Every hunting camp needs a cook, if only to provide an opportunity for a really great hunting story. My father’s favorite camp cook story involved the hunter who drew the short straw on the night before opening day and thus was occupied doing the breakfast dishes when a big buck walked past the window.

Dropping the dishrag and picking up his trusty 30-30, he killed the buck, field dressed it and had it hanging on the buck pole before the other members of the gang came in for coffee. Before I had graduated from high school, I had heard three or four versions of the story. Dad’s was one of the more believable, since it involved only a “nice eight-pointer.” The most spectacular kill was “a sixteen pointer, the biggest buck ever taken at Fritz’s camp.” Ah well…

Our cabin becomes a hunting camp for the opening weekend of deer season, and we do have a camp cook. Since Chris does not hunt, we don’t have any stories to tell of how he bested the rest of us by bagging a prize buck from the comfort of a warm cabin while we hunters were shivering on our stands. There are other stories, however.

Like the time we came in for coffee and doughnuts which Chris always has ready for us at midmorning.

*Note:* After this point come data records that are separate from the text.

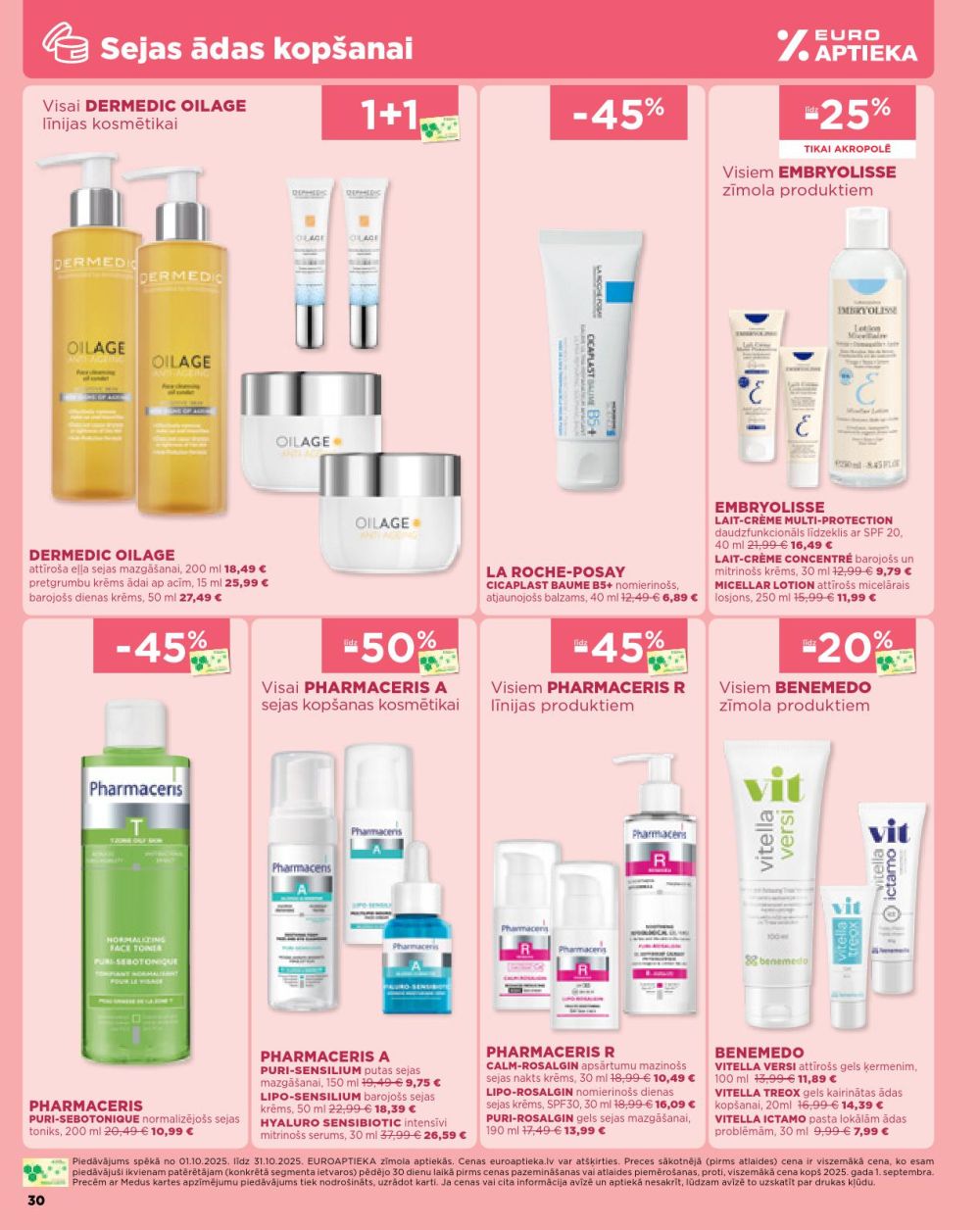 euroaptieka - EUROAPTIEKA (01.10.2025 - 31.10.2025) - page: 30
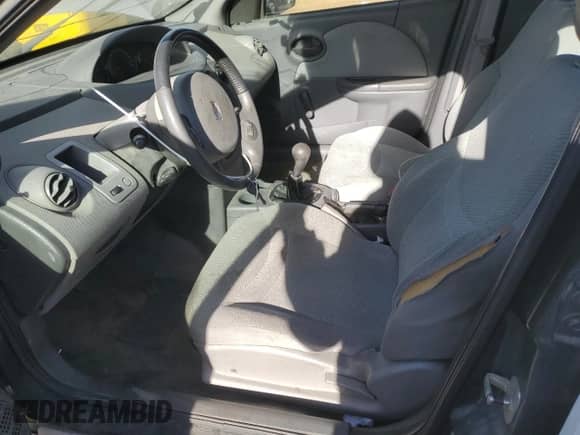 2003 Saturn ION ION 1 with VIN 1G8AF52F83Z143886, listed as a Copart auction lot 84056904 with 115,839 mi miles and Salvage title. Bid and sale history available at DreamBid. Image 7.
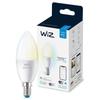 WiZ Ampoule Connectée Flamme Blanc Variable E14 40W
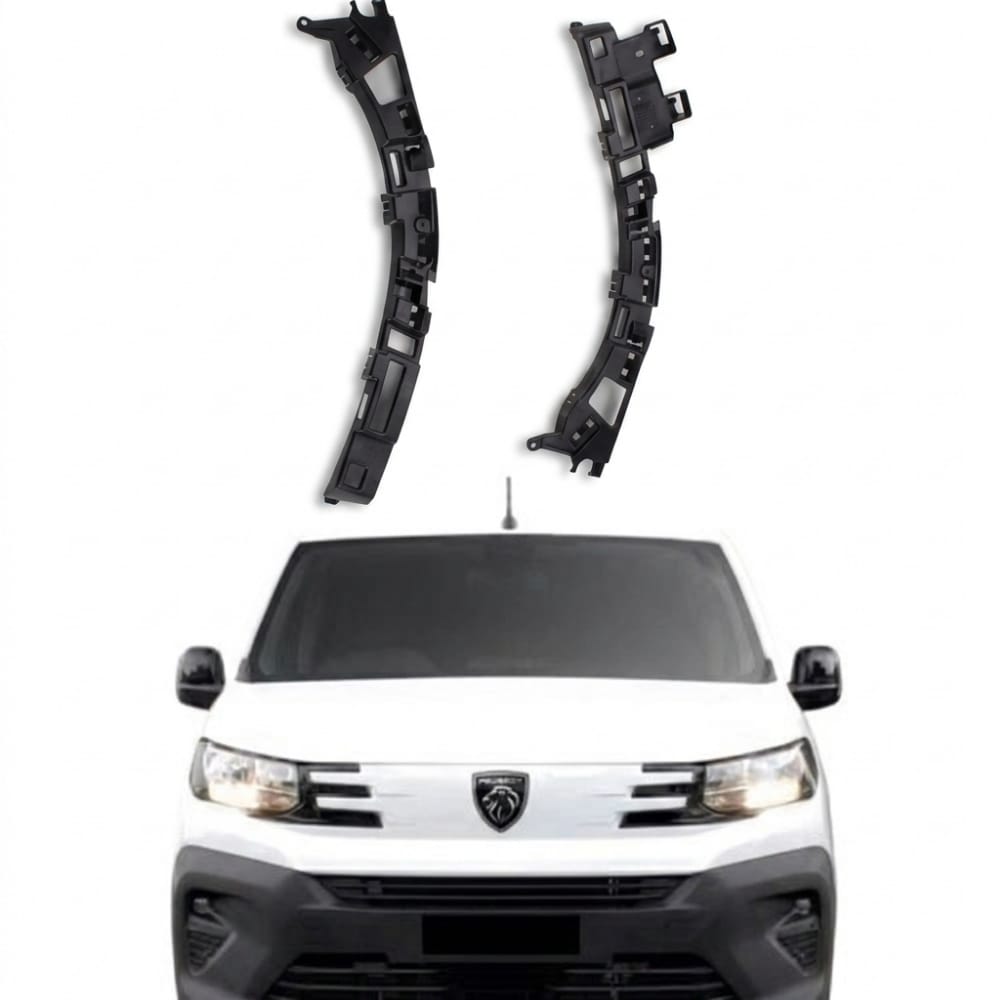 Front bumper brackets for 2025 Partner (genuine/dealer).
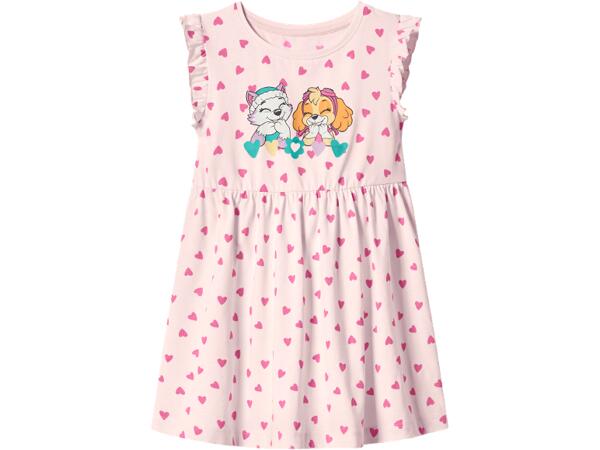 Girls' Dress "Paw Patrol"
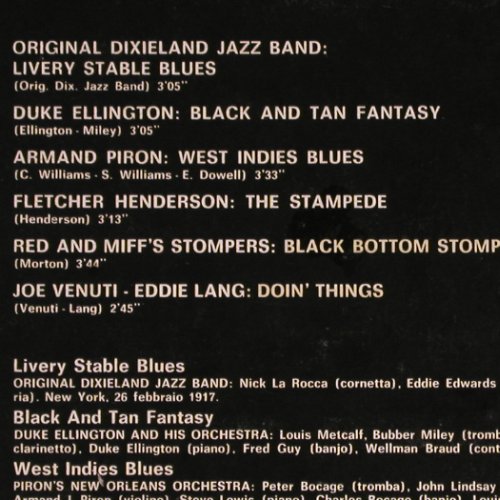 V.A.Archivi del Jazz: IL Jazz a New York Negli Anni Venti, Variety (REL-SR 19220), I, m-/vg+, 1974 Typ: LP Best.-Nr.: Y8020 Preis: 7,50 Euro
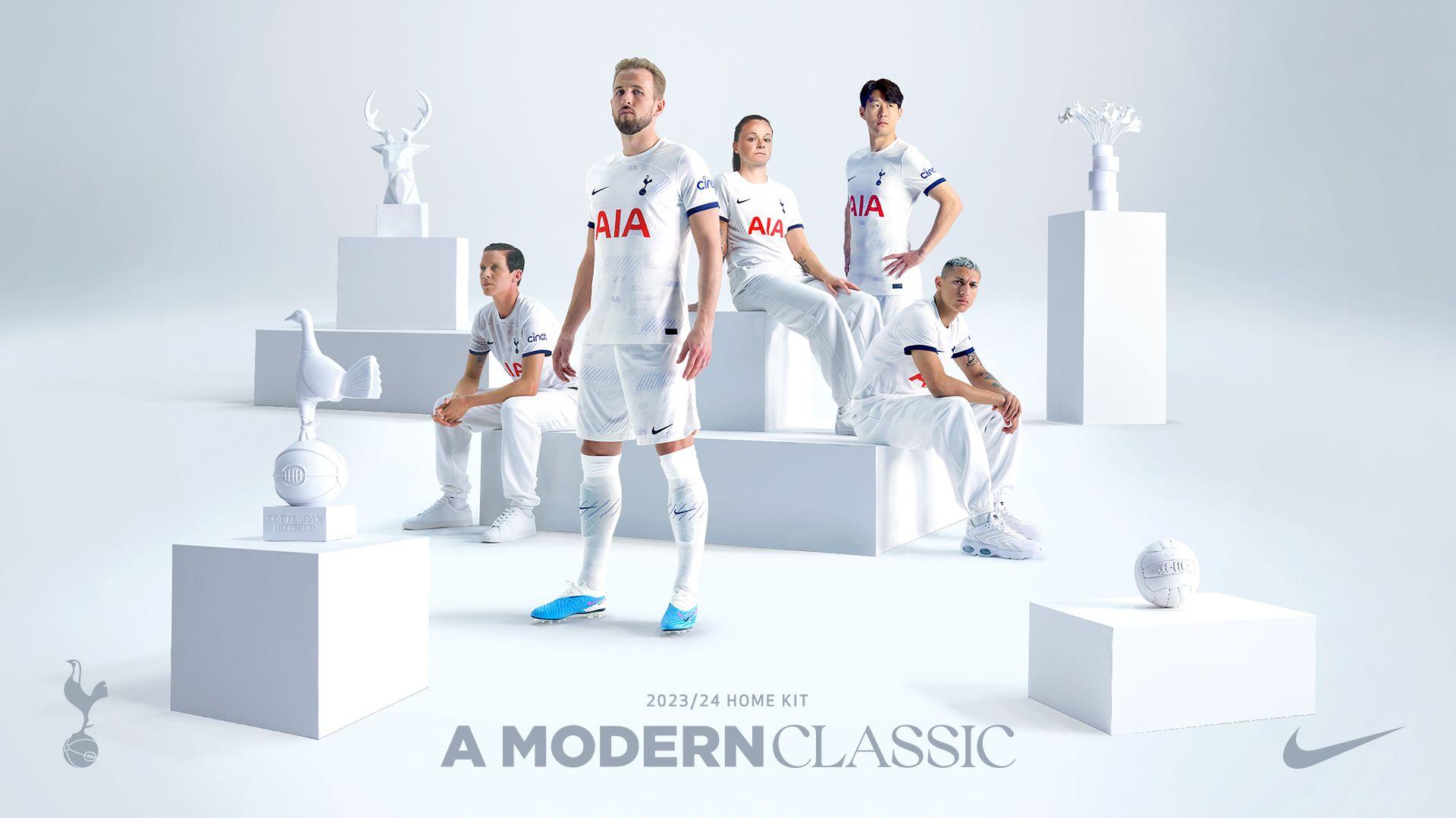 A Modern Classic Home Kit Unveiled Tottenham Hotspur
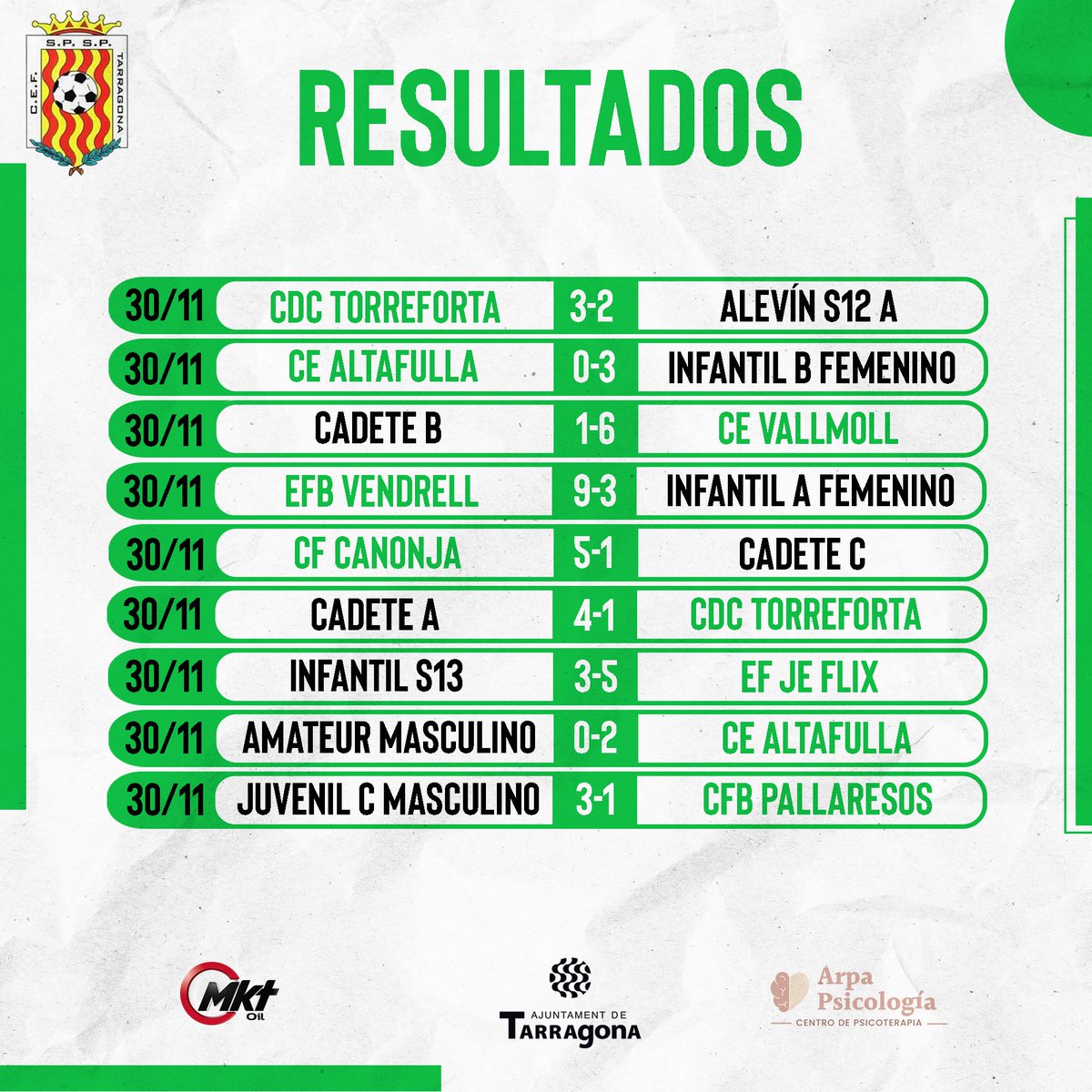 CEF Sant Pere i Sant Pau tweet media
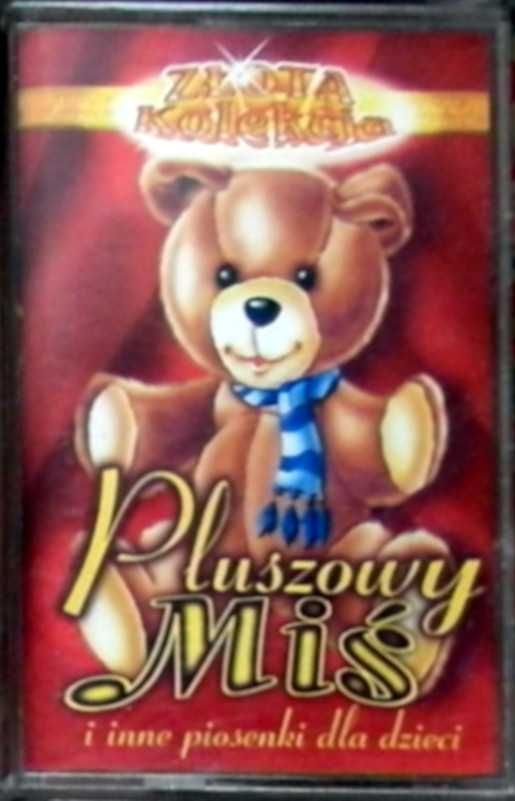Bahamas - Pluszowy Miś - piosenki dla dzieci - KASETA magnetofonowa
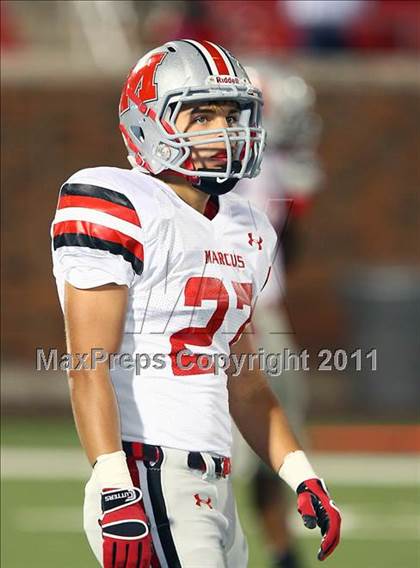 Thumbnail 3 in Flower Mound vs. Marcus photogallery.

He was sitting in the old Morris chair typing on his laptop when we straggled in. We leaned our rifles outside against the wall next to the patio door and came in to warm up with caffeine and carbohydrates.

When Chris announced, “Now that’s a nice buck,” we thought he was kidding us and told him so. “Look for yourselves. He’s by the fire pit. An eight-pointer at least.” There we were, three hunters with our rifles leaning again the cabin in plain sight of what turned out to be a ten-point buck. As he walked up the trail from the yard, we tried to retrieve a rifle by quietly opening the patio door.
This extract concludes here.